Nutch is batch oriented, so it doesn't allow this without heavy
modification IMHO.

Maybe the way to go is to use some buffer/intermediate indices before
merging with the main index once in a while.
Once an index is created, it is added to a list of dynamic searchers.
But once the index is merged with the main one, this searcher is turned
off. I am not sure it scales well because you always get new content and
merging is long. Is there any architecture ideas that someone can share?

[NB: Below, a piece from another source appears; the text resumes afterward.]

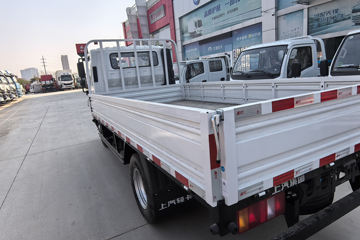 ����Ծ�� ��ԽC300 ��ֵ�� 2.3L���� 142���� ���5�� 3.7�׵��������ῨͼƬ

For example, I wonder how Yahoo indexes the emails in realtime.
As soon as I sent an email, it can be searched by keywords.


Cheers,
Jeremy.


-----Original Message-----
From: Dima Gritsenko [mailto:[hidden email]]
Sent: Monday, August 28, 2006 10:44 AM
To: [hidden email]
Subject: RSS search by nutch

Hi,

Does nutch have a class for searching incoming RSS feeds in real time?
Thank you.
Dima.
Reply | Threaded
Open this post in threaded view
|

Re: RSS search by nutch

chrismattmann
Hi Jeremy,

On 8/28/06 10:18 AM, "HUYLEBROECK Jeremy RD-ILAB-SSF"
<[hidden email]> wrote:

>
> The Nutch Feed/RSS plugin (parse-rss) only allows you to search the
> entire channel/feed text, not items individually.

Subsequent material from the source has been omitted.